Oppure per i contestatori in servizio permanente effettivo, quelli che protestano a prescindere. Amburgo doveva rappresentare la passerella per la padrona di casa, Angela Merkel, in vista delle imminenti elezioni politiche tedesche.
E invece è stata solo l’occasione per un incontro diretto tra Putin e Trump. Perché le decisioni, quelle che contano davvero, non si prendono in mega riunioni sul nulla cosmico, ma in confronti diretti tra chi è coinvolto in determinate vicende.
Così il G 20 è servito a fare passi indietro sui temi ambientali e sui commerci internazionali. In cambio di tante parole inutili sul futuro dei giovani e una netta chiusura sulle politiche migratorie dell’Italia.
Ma, in tutto questo scenario di vuoto a perdere, dove erano i giovani d’Europa e d’Italia?
Qualcuno a scontrarsi con la polizia per cercare di fermare il nulla, visto che il G20 nulla stava producendo.
Gli altri in spiaggia o impegnati con lo smartphone.

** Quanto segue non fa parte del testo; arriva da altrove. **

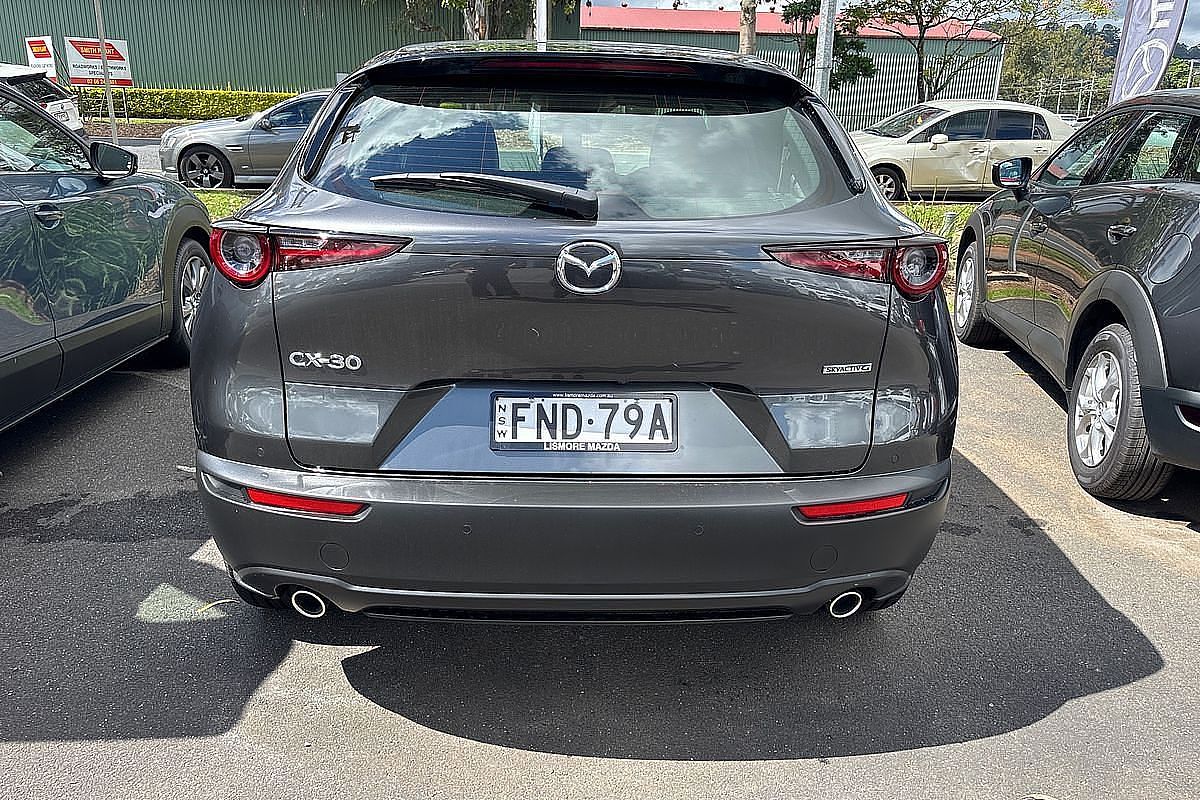 2025 Mazda CX-30 G20 Touring DM Series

Nella convinzione di non poter incidere sulle scelte dei politici riuniti ad Amburgo.
È evidente che al G20 i problemi dei giovani non siano presi in considerazione se non come un impiccio da cui liberarsi senza troppa fatica. Ma proprio l’inutilità di vertici ormai superati dimostra che sono possibili altre strade.
Basti pensare al boicottaggio messo in atto, negli Usa, da associazioni di consumatori, di fedeli di qualche religione, di appartenenti a gruppi etnici.
Un boicottaggio nei confronti di una marca di merendine o di un produttore di bevande incide profondamente sulle decisioni delle aziende.
Costrette a cambiare testimonial, spot, ingredienti, politiche aziendali. Una dimostrazione concreta di ciò che si può fare con poco sforzo e con grande capacità di coinvolgere amici, coetanei, gruppi con interessi comuni.
Si può spaventare un G20 molto più che con le proteste di piazza.
A patto che cambiare marca di patatine non sia un sacrificio eccessivo.